La plus grande partie des évêques du Languedoc étaient dans cette opinion qu’il fallait agir avec ses hérétiques dans toute la rigueur. M. Godet des Marais, évêque de Chartres, qui était beaucoup en crédit à la Cour par le moyen de Mme de Maintenon, était aussi du même avis, mais il y en avait un plus grand nombre qui pensaient autrement. M. l’archevêque de Paris et feu M. Bénigne Bossuet, évêque de Meaux, si connu dans l’église par sa capacité et par ses doctes écrits, étaient à la tête de ces derniers et ne croyaient pas qu’on pût employer ces paroles de Jésus-Christ parlant au serviteur qui avait été envoyé pour inviter de la part du père de famille aux noces de son fils : Compelle intrare, étant persuadés que c’était détourner le sens de ces paroles que de vouloir s’en servir pour faire violence à ceux de nos frères séparés et les contraindre d’assister à nos mystères et participer à nos Sacrements.

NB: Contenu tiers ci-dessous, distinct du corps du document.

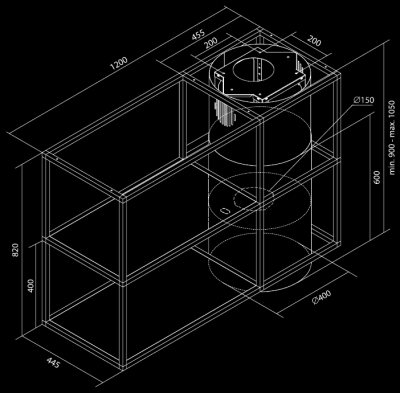 Вытяжка островная Tubo Cage Asymmetric Glass Black Matt - Черный мат - Rysunek techniczny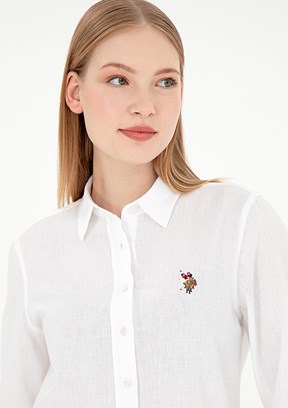 US POLO ASSN Beyaz Kadın Uzun Kol Gömlek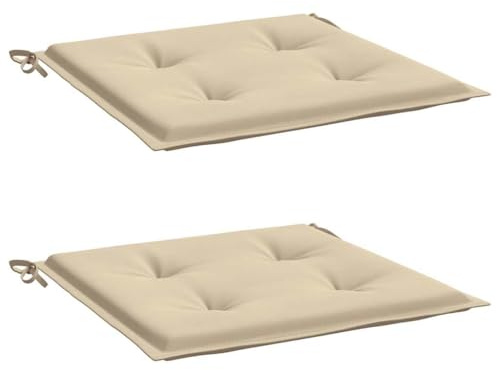 vidaXL Gartenstuhl-Kissen 2 STK. Beige 50x50x4 cm Oxford-Gewebe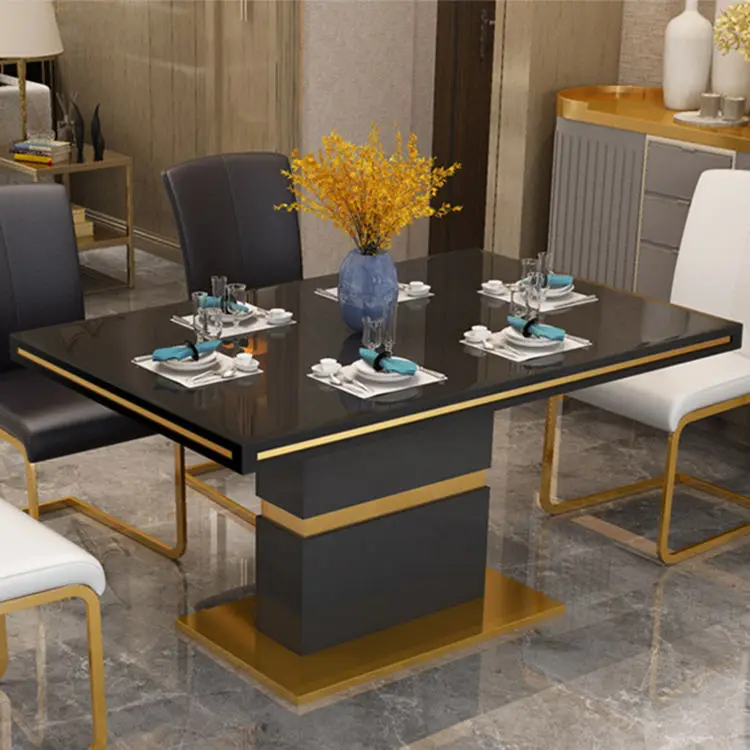 Luxury Modern Dining Room Set Furniture Dining Table Set 6 Seater Marble Top Dining Table Sets — image 3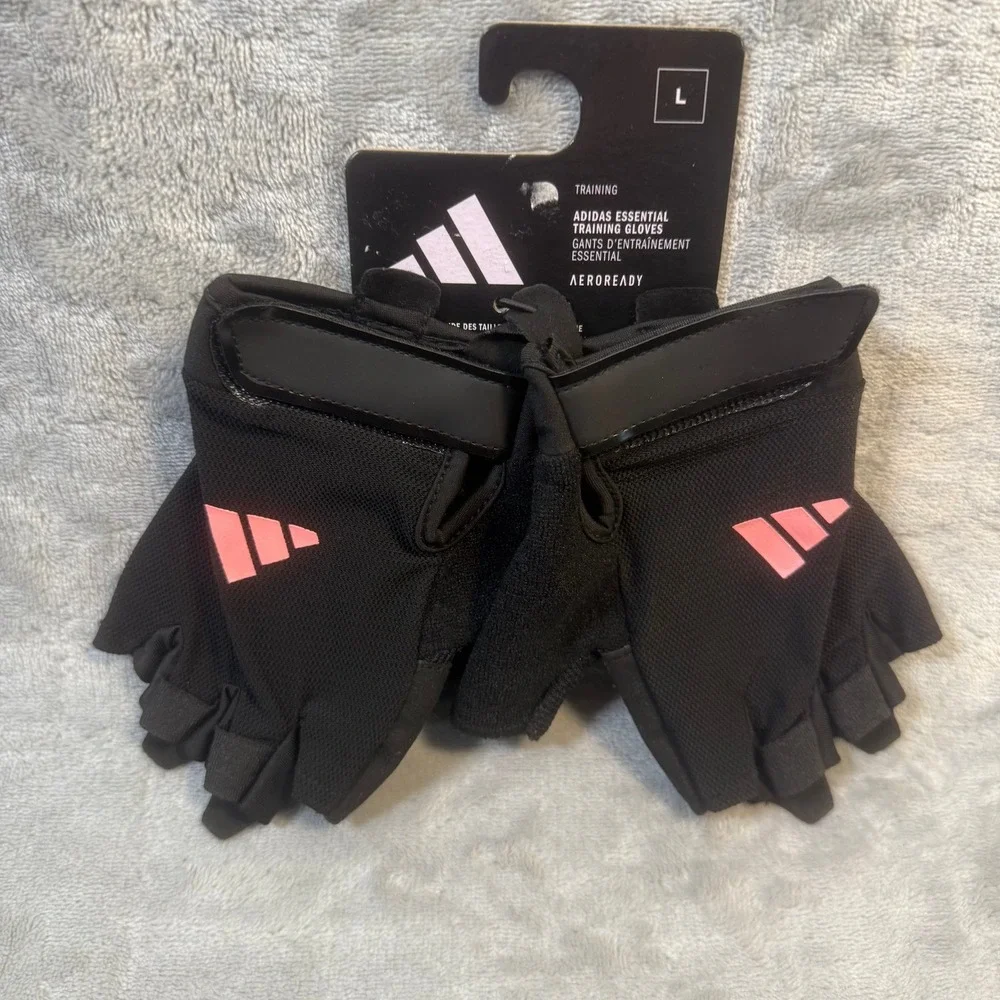 adidas essential womans training gloves black w/pink logo size Large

Le Roi ayant donné jour à M. l’archevêque pour lui rendre compte de cette affaire et pour examiner les sentiments des évêques, pour le faire plus notamment ce prélat avait fait un extrait de leur avis. Il les porta au Roi, qui voulut voir, malgré leur longueur, tous les mémoires en particulier. Comme M. l’archevêque n’avait pu prévoir que Sa Majesté voulût se donner la peine de lire et d’examiner tous ces papiers et ces écrits dont quelquesuns étaient fort longs et chargés d’un grand nombre de citations, il ne les avait pas apportés ; ainsi il fut obligé d’envoyer en poste les chercher à Paris. Le Roi les lut tous pendant une après dîner avec ce très digne prélat. Le résultat de cette discussion fut qu’on envoya à tous les évêques un écrit par lequel on marquait ce qui pourrait s’observer pour la parfaite conversion de ces mal convertis, mais Sa Majesté n’autorisa en rien la conduite outrée et sévère qui avait été du goût de quelques évêques.